Perspective

_MG_3627.JPGI daydream sometimes about cutting loose, traveling the country and world to make amazing photos and write captivating accounts of them and somehow make a living with it all. If that’s ever going to happen, it’s a long way away. The idea can feel unattainable, like I’ve failed to grasp its secret, after years of galleries and art shows with only a handful of sales. I can’t afford the newest camera or travel for weeks or months at a time like Thomas Mangelsen or Ed Cooley, whose gallery is just down the street. It’s a bitter feeling that author Tom McAllister happened to describe perfectly in an article yesterday. Even after three books and prestigious reviews, his book reading events drew depressingly tiny audiences. He asked his wife before one reading if he could simply leave.

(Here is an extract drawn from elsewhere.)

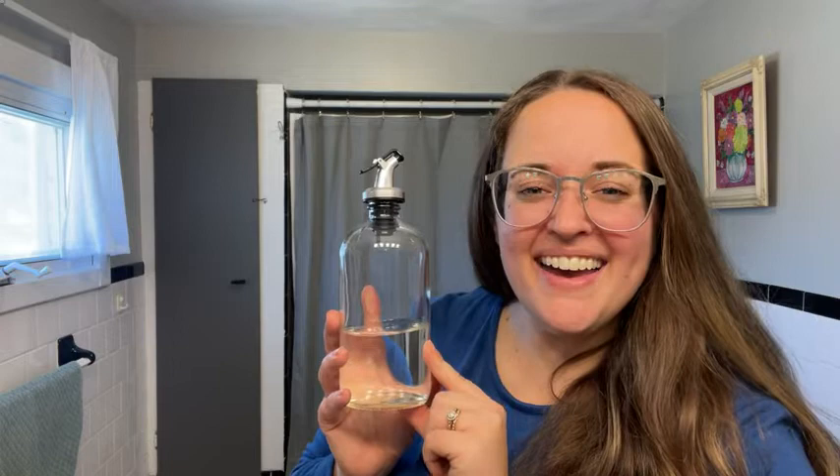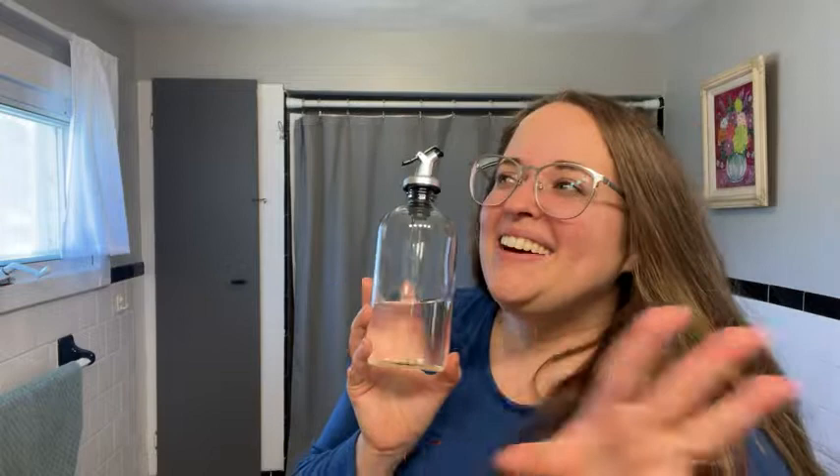Hey, it's Sam with WTI. I love these mouthwash dispensers. Look how cute they are. They make your bathroom look so aesthetically pleasing, I think.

But just in the last couple of days, McAllister and my dad and others have reminded me of a different perspective to take on all of this: We write books or pursue some other creative work first for ourselves, because we love and need to do it. I’ve realized that my bitterness ignores a lot of important things, like the support I have gotten from loved ones and a few strangers, the blessing in having any of this to worry about, my gratitude for people like you who give me some of your time and attention. It ignores the old joy in the doing, the joy in my search with no end for new places and new points of view on familiar ones.

This post is about that last part. Some of us last weekend hiked and camped around Devil’s Den State Park and the surrounding Ozark National Forest, which are like old friends at this point. I sought different perspectives and explored them a little further than I have before. I did my regular hunt for new shapes and colors of fungi. In literally the last few minutes of the trip, I also found a spectacular reminder of why I do this.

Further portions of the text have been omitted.